* [MATERIALS PROVIDED]
************

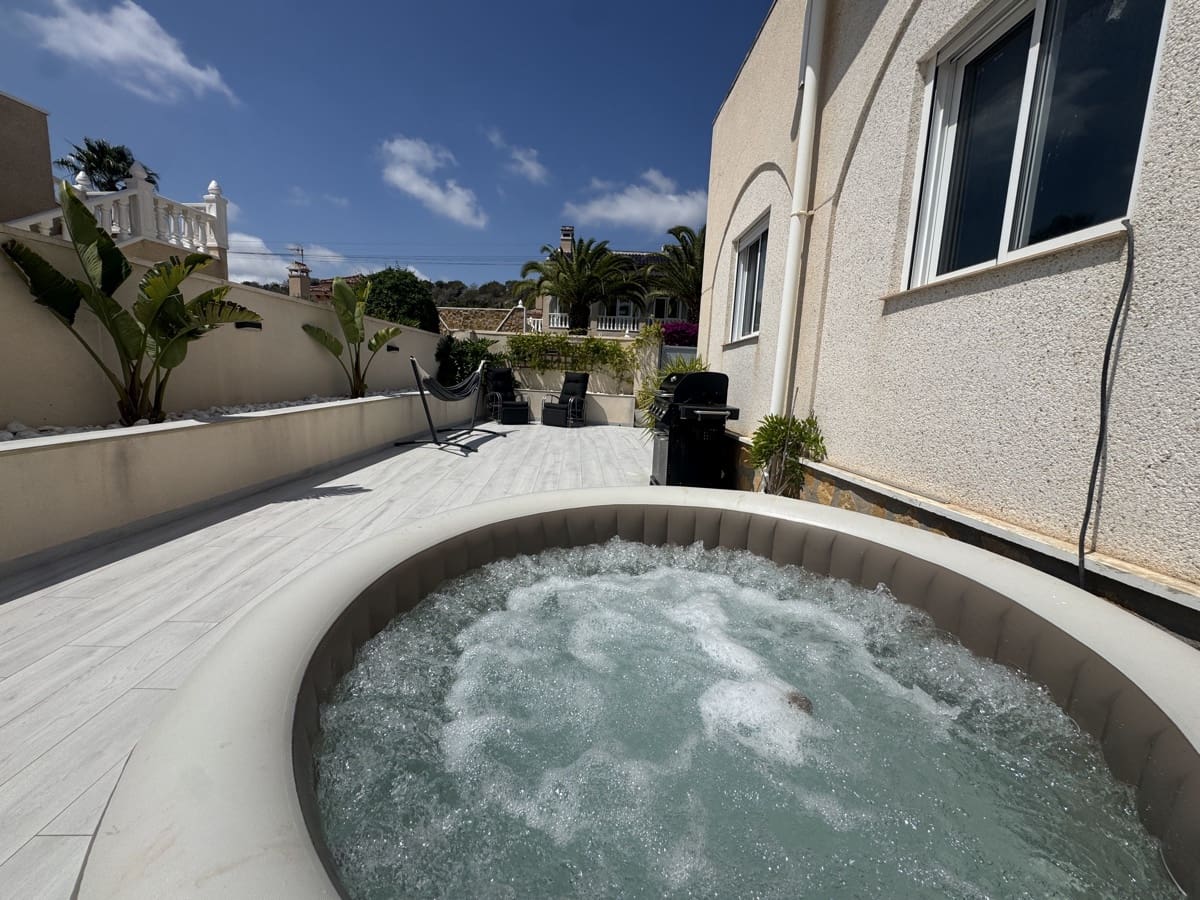 5 soverom Villa til salgs i San Miguel de Salinas - € 599 999 (Ref: 9049989)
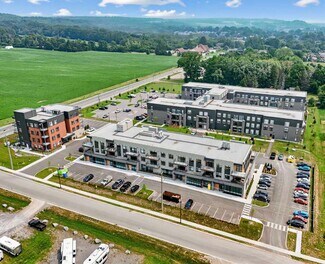 Brighton, ON Retail - 1 Rundle Ln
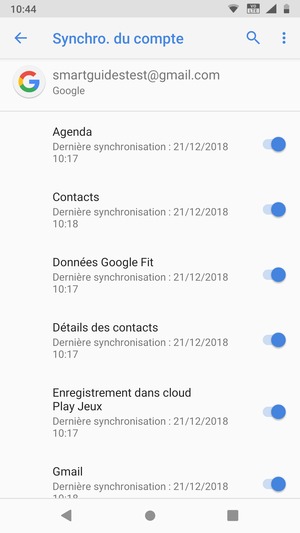 Assurez-vous que Contacts est sélectionné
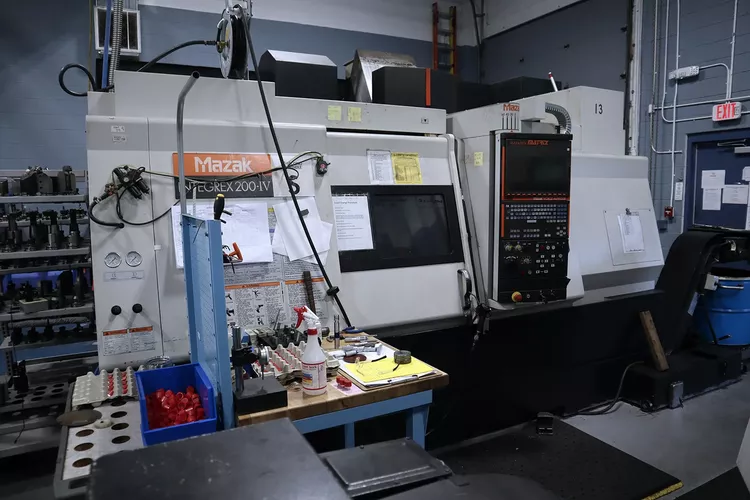 Mazak Mazatrol Matrix Control 3,500 RPM INTEGREX 200 IV S 6 Axis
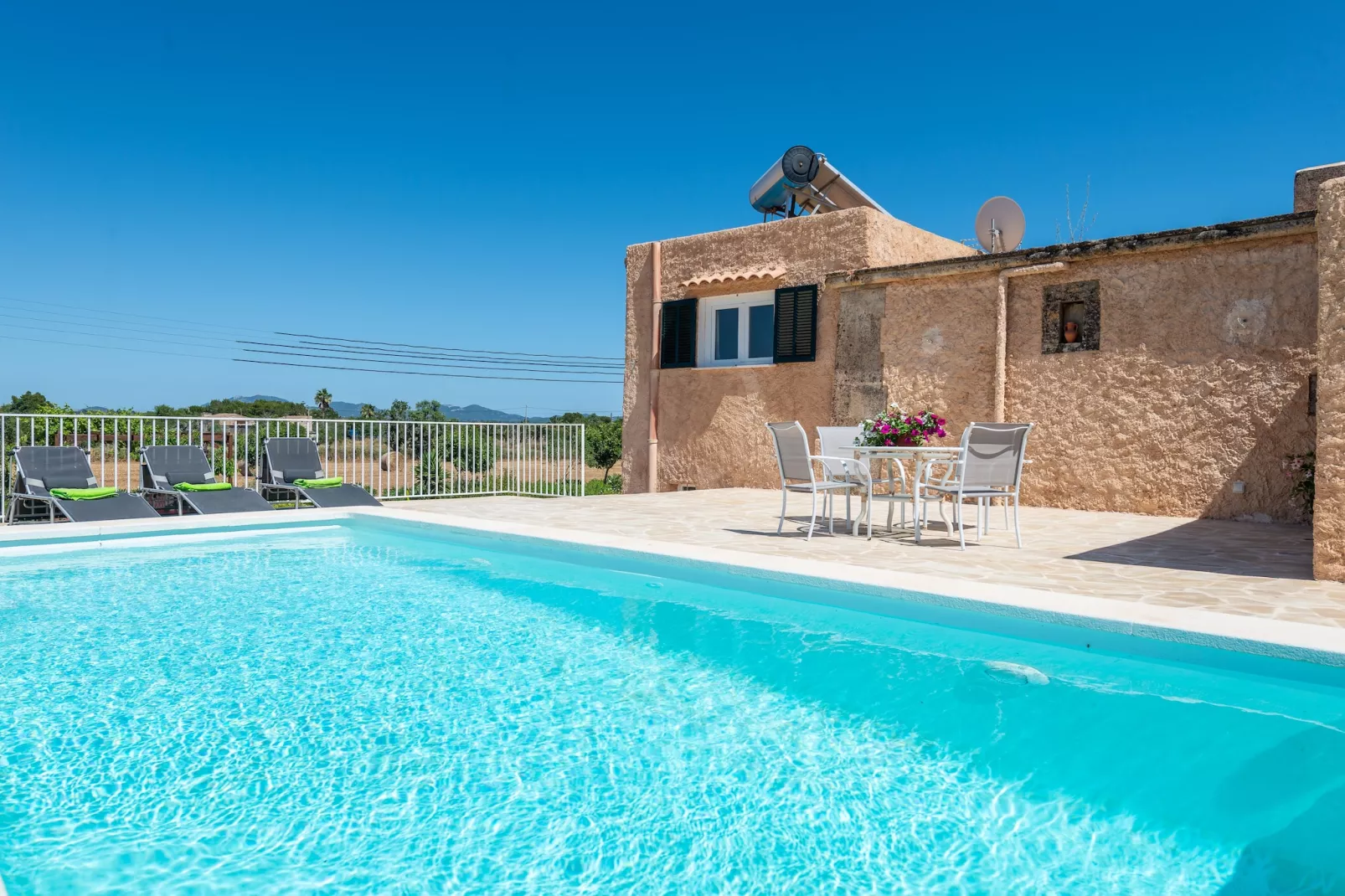 Ses Barreres-Exterior summer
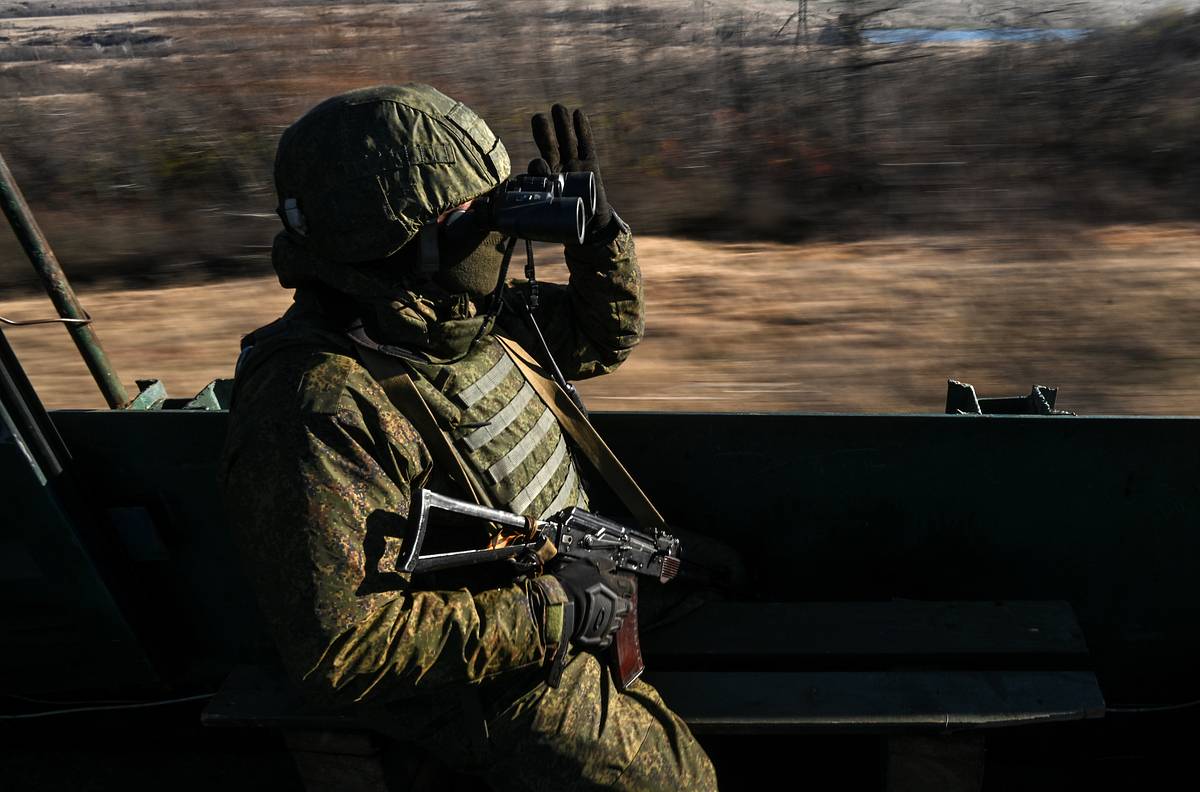 Неизвестный летательный аппарат нашли лежащим в поле в российском регионе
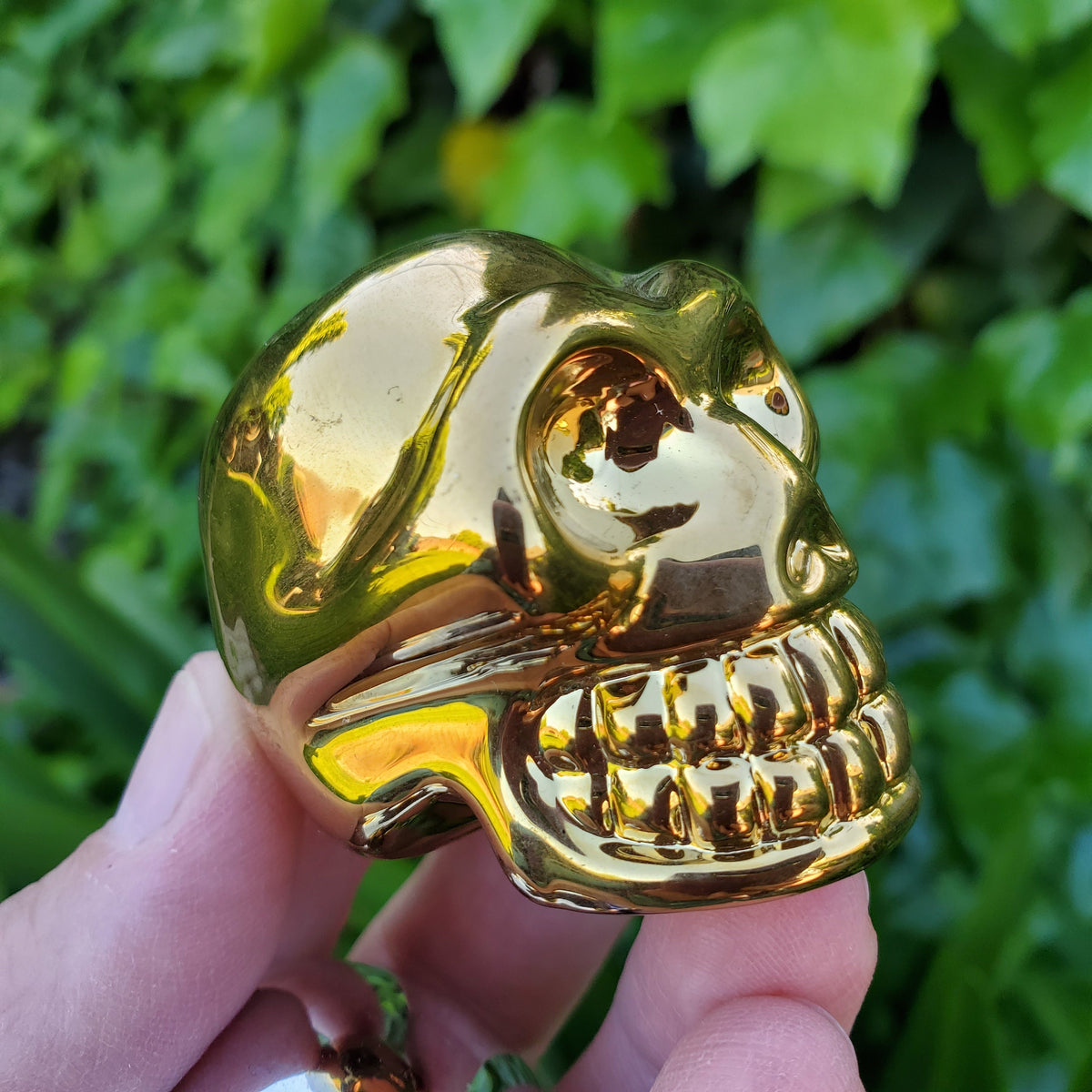 Small Gold Skull or Silver Skull - Helps Release Anger and Negativity - 3D Glass Crystal Carving Halloween Decor, Spooky Scary Skeleton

************

Hand back every line of the material, exactly, without the pictures.

* [SOLVED EXERCISE]
 5 soverom Villa til salgs i San Miguel de Salinas - € 599 999 (Ref: 9049989)
 Brighton, ON Retail - 1 Rundle Ln
 Assurez-vous que Contacts est sélectionné
 Mazak Mazatrol Matrix Control 3,500 RPM INTEGREX 200 IV S 6 Axis
 Ses Barreres-Exterior summer
 Неизвестный летательный аппарат нашли лежащим в поле в российском регионе
 Small Gold Skull or Silver Skull - Helps Release Anger and Negativity - 3D Glass Crystal Carving Halloween Decor, Spooky Scary Skeleton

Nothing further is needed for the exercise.